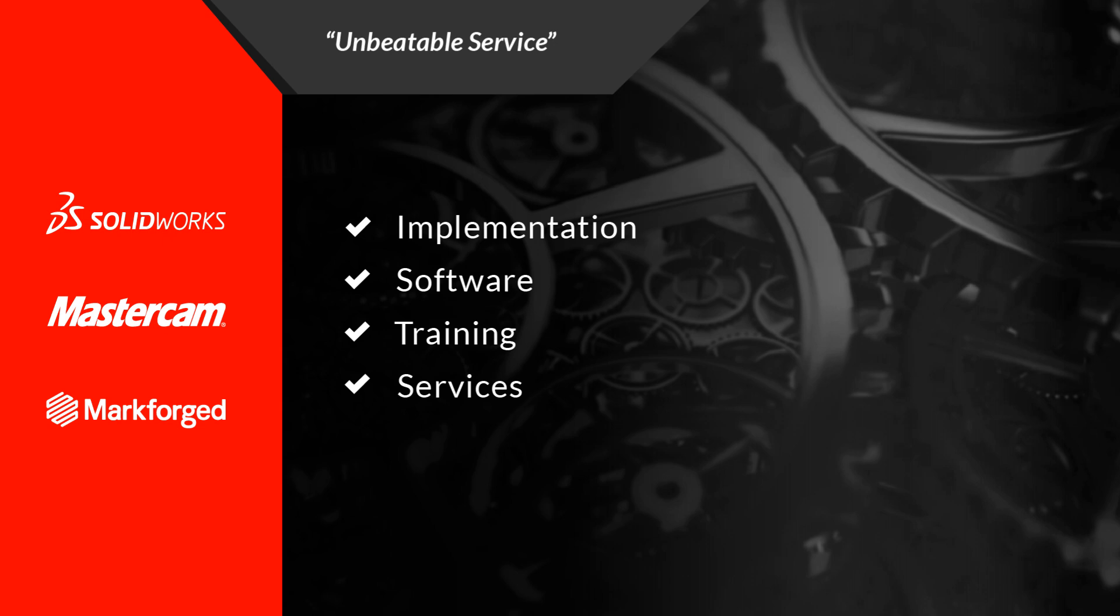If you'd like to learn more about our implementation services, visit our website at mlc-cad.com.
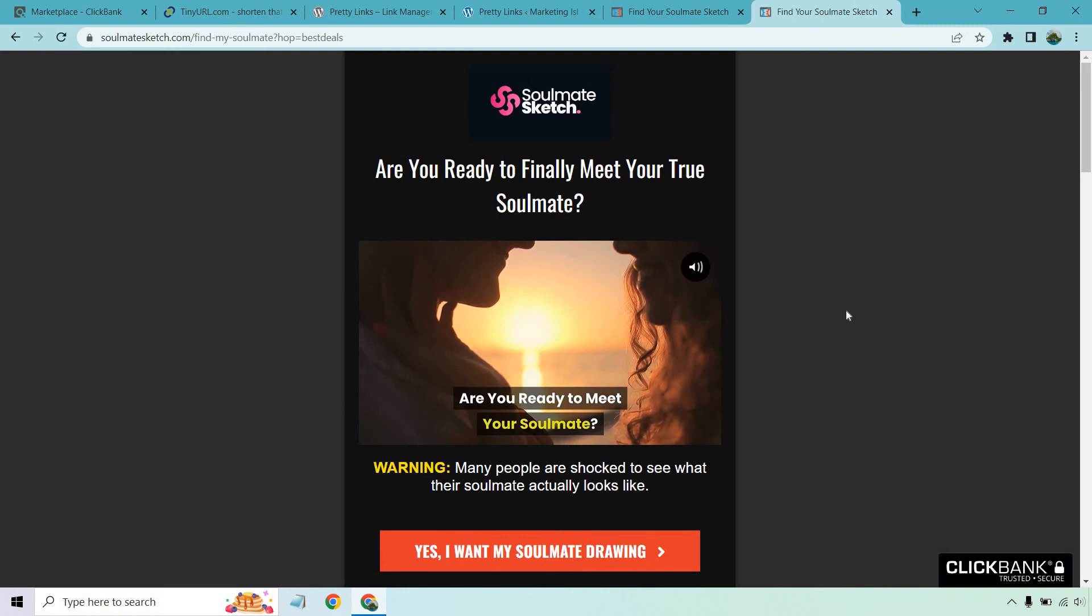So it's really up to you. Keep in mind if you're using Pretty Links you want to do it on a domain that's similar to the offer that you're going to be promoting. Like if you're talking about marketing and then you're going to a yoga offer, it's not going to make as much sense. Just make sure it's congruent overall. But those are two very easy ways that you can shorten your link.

---

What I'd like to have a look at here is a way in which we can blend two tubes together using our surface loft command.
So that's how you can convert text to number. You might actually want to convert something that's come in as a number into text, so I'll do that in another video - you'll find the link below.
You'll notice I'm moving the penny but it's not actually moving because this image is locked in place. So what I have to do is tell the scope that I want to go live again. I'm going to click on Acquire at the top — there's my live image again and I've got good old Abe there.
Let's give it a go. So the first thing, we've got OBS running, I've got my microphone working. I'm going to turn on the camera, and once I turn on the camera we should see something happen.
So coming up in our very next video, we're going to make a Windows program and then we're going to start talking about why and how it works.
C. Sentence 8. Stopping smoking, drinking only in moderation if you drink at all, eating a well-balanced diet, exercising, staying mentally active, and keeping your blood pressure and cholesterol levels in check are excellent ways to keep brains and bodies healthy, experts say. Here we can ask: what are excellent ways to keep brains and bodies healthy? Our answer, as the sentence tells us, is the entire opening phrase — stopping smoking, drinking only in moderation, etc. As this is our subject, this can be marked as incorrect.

# Problem:
Reproduce the lines of the entries above from the one with "Let's give it" to the one with "So coming up", both included, exactly and without any other line.

# Task answer:
Let's give it a go. So the first thing, we've got OBS running, I've got my microphone working. I'm going to turn on the camera, and once I turn on the camera we should see something happen.
So coming up in our very next video, we're going to make a Windows program and then we're going to start talking about why and how it works.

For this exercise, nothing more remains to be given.